## ASSIGNMENT
Using the listing below, reproduce exactly the lines from the one with "Kawasaki ER-6N ABS 2006" through the last, with all pictures left out.
══════
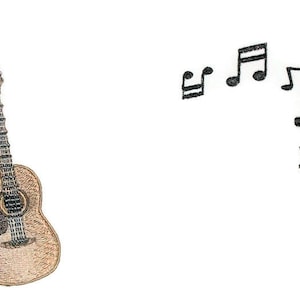 May include: A brown acoustic guitar with a light brown body and a dark brown neck. The guitar is surrounded by musical notes.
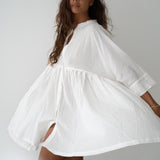 AIDEN - WHITE Buttoned Dress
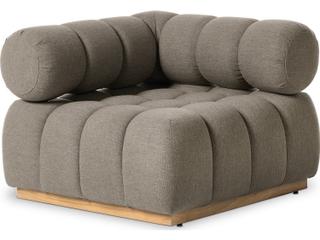 Four Hands Outdoor Solano Natural Teak Corner Lounge Chair with Alessi Fawn Cushion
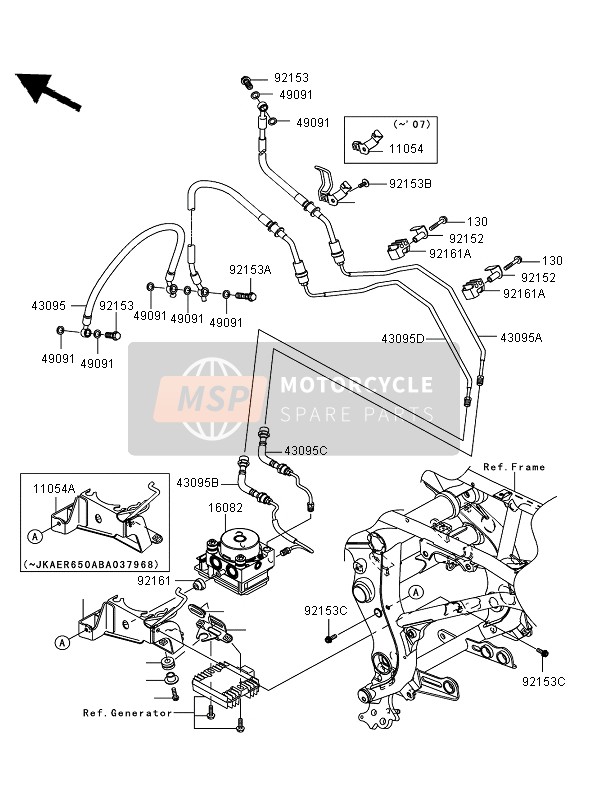 Kawasaki ER-6N ABS 2006 Brake Piping for a 2006 Kawasaki ER-6N ABS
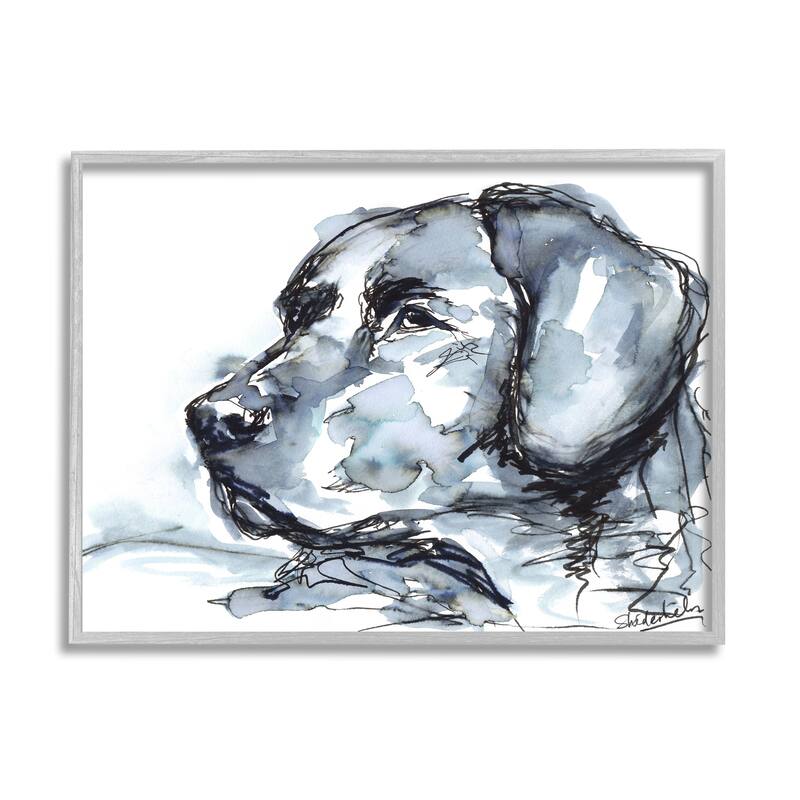 Stupell Monochrome Ink Dog Portrait Abstract Watercolor Detail Framed Wall Art, Design by Kendra Shedenhelm - Grey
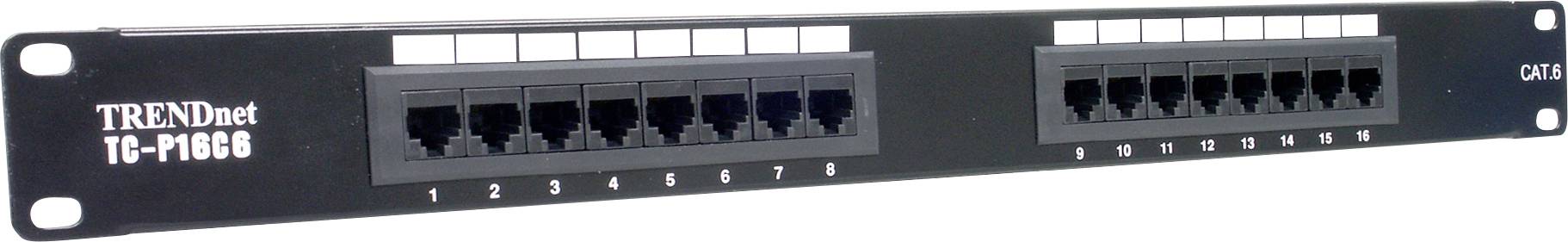 16-Port-Patchpanel mit nummerierten Ethernet-Ports, beschriftet von 1 bis 16.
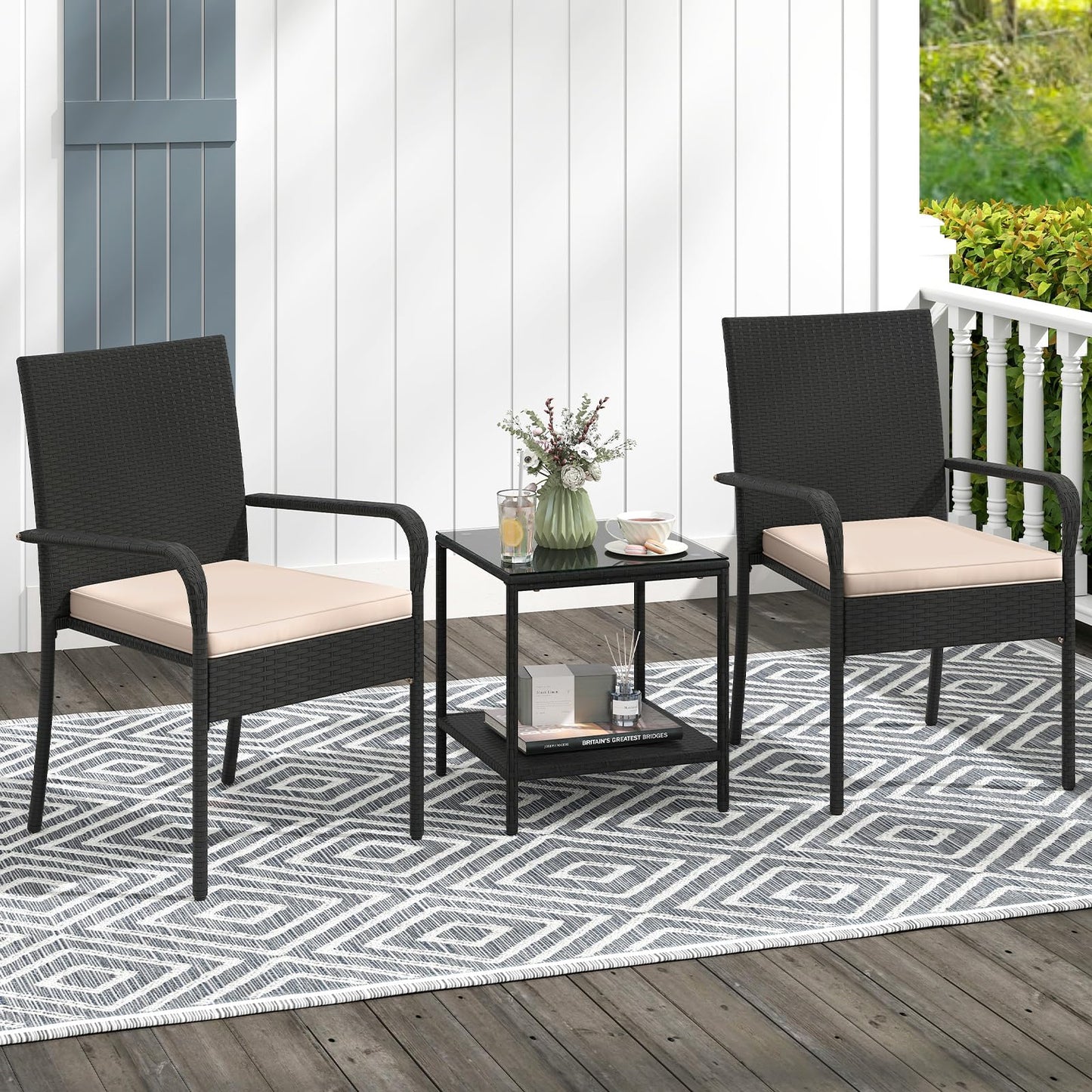 Tangkula 3 Pieces Patio Furniture Set with 2 Tier Tempered Glass Tabletop Table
══════
## EXERCISE RESULT
 Kawasaki ER-6N ABS 2006 Brake Piping for a 2006 Kawasaki ER-6N ABS
 Stupell Monochrome Ink Dog Portrait Abstract Watercolor Detail Framed Wall Art, Design by Kendra Shedenhelm - Grey
 16-Port-Patchpanel mit nummerierten Ethernet-Ports, beschriftet von 1 bis 16.
 Tangkula 3 Pieces Patio Furniture Set with 2 Tier Tempered Glass Tabletop Table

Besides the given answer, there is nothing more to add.